Ok that rant over and try this…Anyone think the appeal route has a better chance of success for a disabled household than judicial review?

I do and here is why.  The 10 cases that went to JR and resulted in an adverse judgment a few weeks ago lost in large part because LJ Laws accepted that the DWP case couldn’t successfully categorise the disabled persons affected by the bedroom tax.  Disabled was too broad and too loose a category for which to exempt this class or classes of persons.

Another way to view that is and a correct way to view this is the JR case viewed disability as a concept or theory or construct and was not based on the individual facts of the individual cases which is what an appeal IS all about. It is based on the facts of the individual cases and not on some theoretical construct which in any case the High Court couldn’t determine!!

However if all of the reported 420,000 households appealed then their cases would have to be judged on the individual facts of each individual case.  In fact outside of appeal the JR left the HB appeal route as the only option for the 420,000 disabled households to have their cases decided correctly as they should have been in the first place but we had instead the farce of the bedroom tax decision-making process preventing that!

So many of the many reported ‘disability’ cases we have been inundated with across TV and radio and the papers and social media since the bedroom tax hit the public domain in early February and stubbornly remained there too have argued on the same room usage and room purpose grounds the Fife judgment accepted were and are relevant and need consideration.  

Anyone still think we are not going to see a huge increase in appeals because of the Fife judgment?

Finally and I return to significance.  I am sure some legal minds will say I have over stated the legal issues here and I am just as sure they will be right by degree.  Yet the Fife judgment and the Fife ‘principles’ as I call them (room size, room usage, room purpose, usable floor space, appropriateness of being termed a bedroom, reasonably fit to be a bedroom) all open the doors to challenge by way of appeal.

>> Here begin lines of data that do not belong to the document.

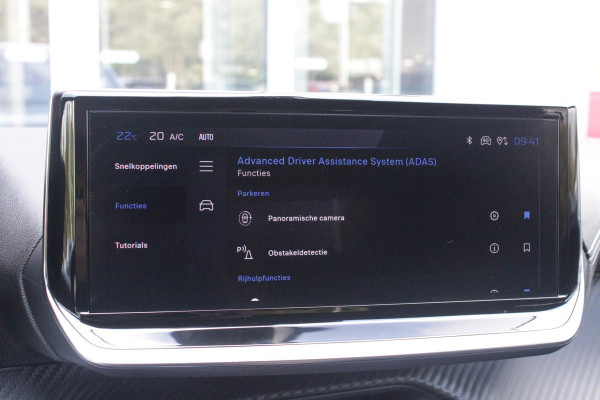 Peugeot 208 1.2 Hybrid 145PK AUTOMAAT GT | CAMERA VOOR + ACHTER | NAVIGATIE | DRAADLOZE APPLE CARPLAY/ANDROID AUTO | FULL LED KOPLAMPEN | LICHTMETALEN VELGEN 17" | DODEHOEK DETECTIE | DRAADLOZE TELEFOONLADER | KEYLESS ENTRY/START | DAB+ RADIO | ADAPTIVE CRUISE CONTROL | CLIMATE CONTROL |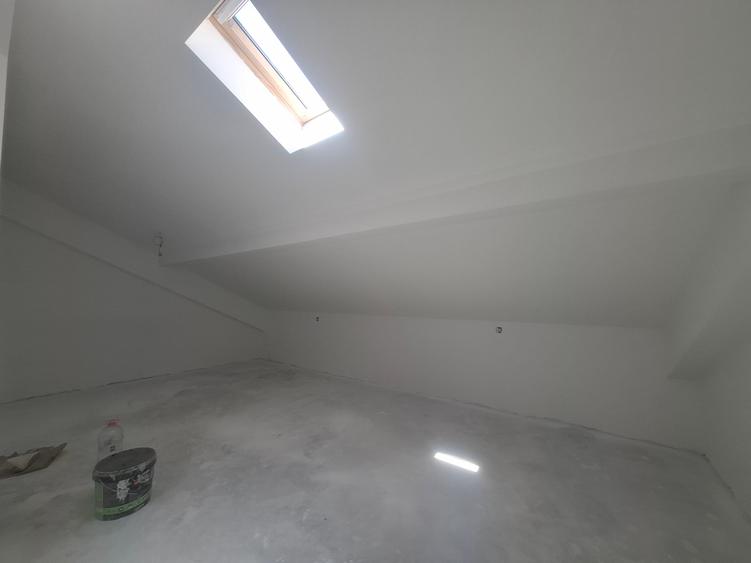 Vilă modernă de mijloc, finalizată la cheie | P+E+M | Curte proprie 130 mp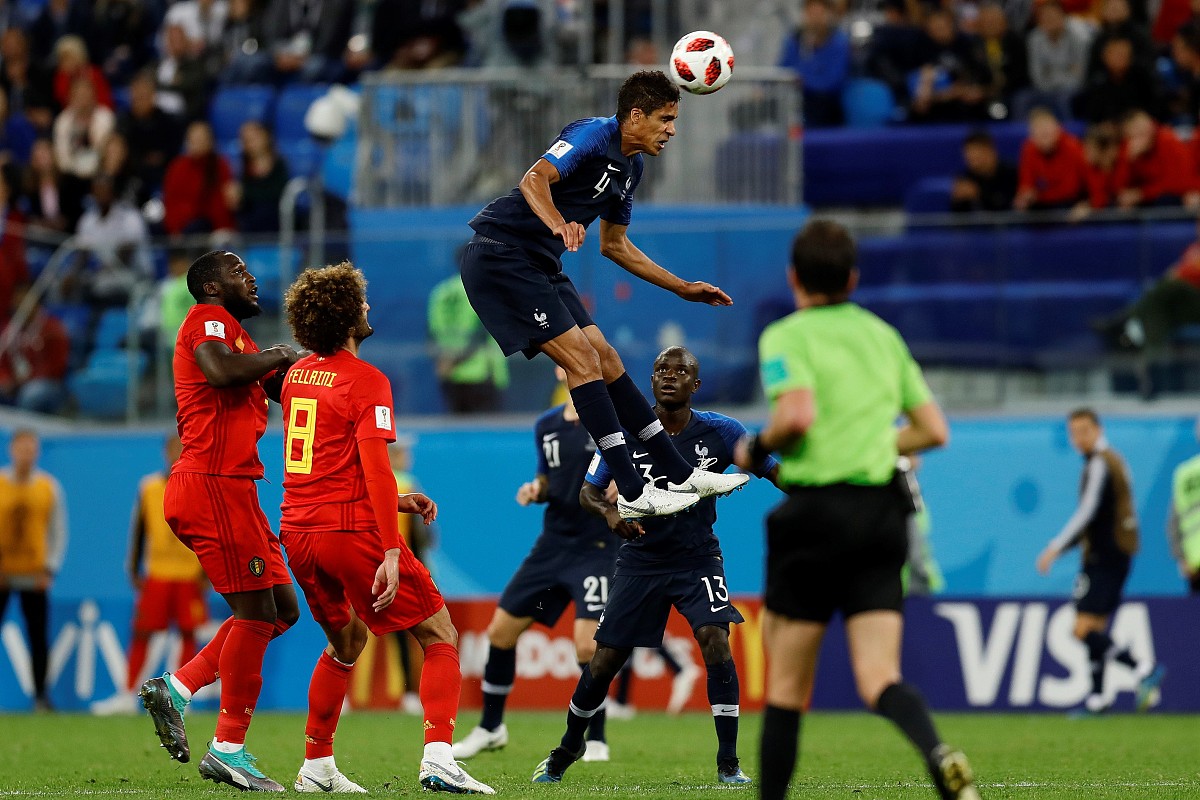 罗马战平拉齐奥，争夺欧冠资格陷入僵局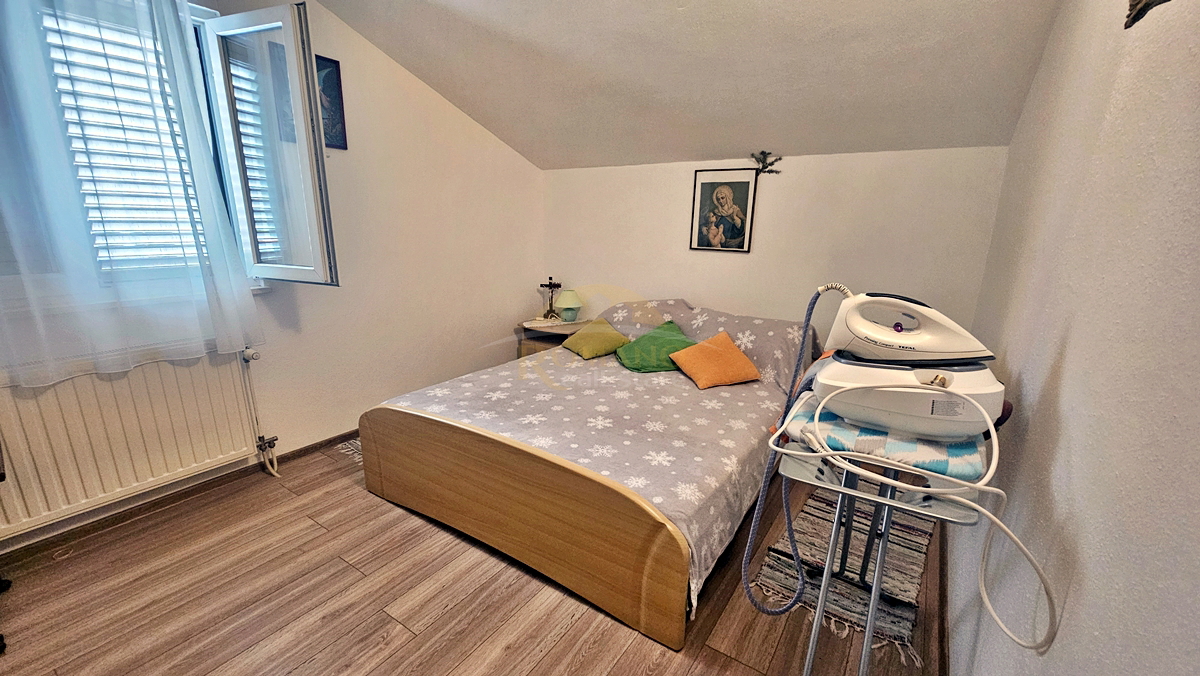 Casa con appartamenti a Okrug Gornji/Čiovo, seconda fila dal mare - 5 appartamenti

Bedroom tax households ARE very aggrieved and ARE feeling the very real effects of 23 weeks into the policy and tenants there will say hang on….

  • my so-called bedroom is less than 67 square feet;
  • my so-called bedroom is L-shaped;
  • my so-called bedroom is used to store my disability equipment;
  • my so-called bedroom has built-in wardrobes / airing cupboard

…..and so on and will realise it costs them nothing to appeal and it is their right. The decision to appeal is truly a no brainer.

The Fife judgment will inspire many more tenants to appeal the bedroom tax decision on the basis that if it can happen to one very brave and heroic lady (who has 3 part-time jobs by the way and is very intelligent and articulate) who took on her council and landlord and won it can happen to me.

In simple terms and as a direct result of this very encouraging judgment the bedroom tax tenant will evaluate their two options:

  • I can sit here do nothing and mope and be stressed to buggery and have no chance of putting food on my table or of paying any rent whatsoever in the run up to Christmas…. or,
  • I can launch an appeal which costs nothing

That is the very real consequence of this judgment.

Anyone still think it is not significant? Didn’t think so!

7 thoughts on “Fife bedroom tax decision – the VERY real significance

  1. Graeme Sutherland and his legal team at Fife Law Centre did a great job for me but they were only brought in about two weeks before the appeal as a result of funding made available by Fife Council. I took and sent the photographs the tribunal requested weeks before. Also, I had already put my case together and sent it off. The whole appeal process took nearly five months. I didn’t know what I was doing when I set out to appeal, but the first thing to do in the letter is say you wish to appeal and then just state why, what reasons you have for thinking the councils decision was wrong. After that it’s just hard work ploughing through all the guidelines and legislation so you can back up your case. Good luck Tim, you can do it.